[Directions for this task] Once the pictures are set aside, transcribe the remaining data exactly.

[Recorded information]
--
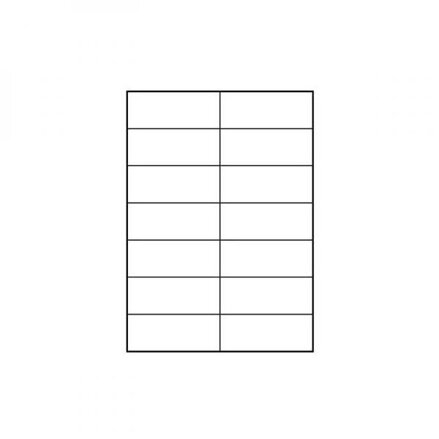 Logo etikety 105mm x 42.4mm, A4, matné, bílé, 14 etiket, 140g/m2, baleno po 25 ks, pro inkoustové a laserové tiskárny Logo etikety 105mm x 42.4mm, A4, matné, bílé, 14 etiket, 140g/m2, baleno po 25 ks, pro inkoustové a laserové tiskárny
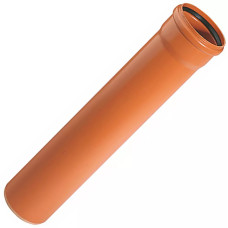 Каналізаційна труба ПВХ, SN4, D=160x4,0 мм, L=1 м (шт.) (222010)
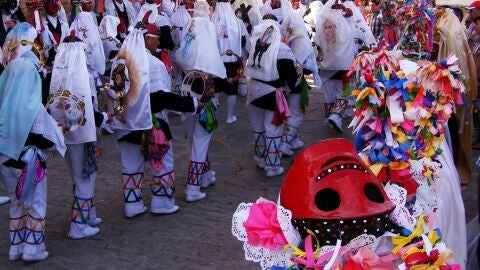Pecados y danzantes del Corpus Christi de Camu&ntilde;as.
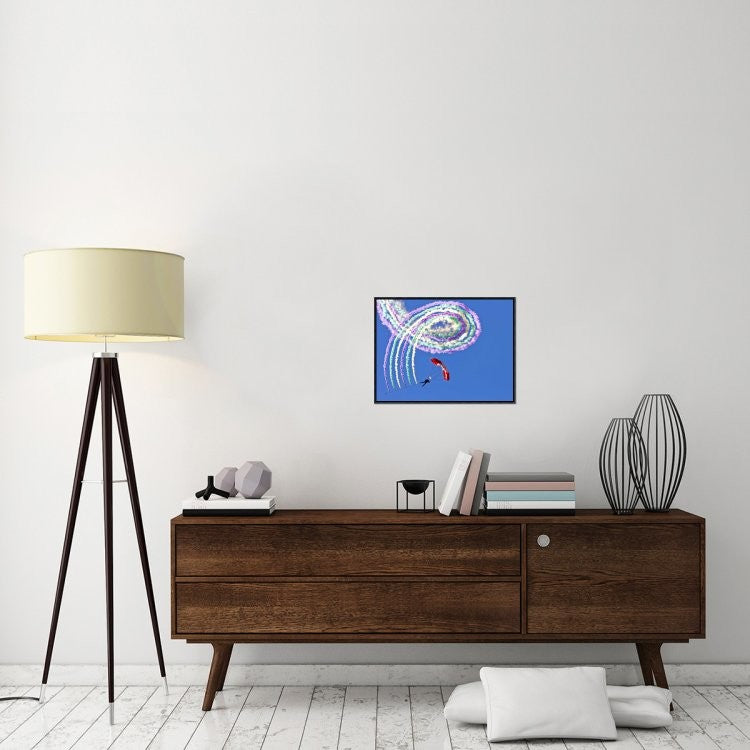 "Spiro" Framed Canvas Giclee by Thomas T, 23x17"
--
[Answer to the problem]
 Logo etikety 105mm x 42.4mm, A4, matné, bílé, 14 etiket, 140g/m2, baleno po 25 ks, pro inkoustové a laserové tiskárny Logo etikety 105mm x 42.4mm, A4, matné, bílé, 14 etiket, 140g/m2, baleno po 25 ks, pro inkoustové a laserové tiskárny
 Каналізаційна труба ПВХ, SN4, D=160x4,0 мм, L=1 м (шт.) (222010)
Pecados y danzantes del Corpus Christi de Camu&ntilde;as.
 "Spiro" Framed Canvas Giclee by Thomas T, 23x17"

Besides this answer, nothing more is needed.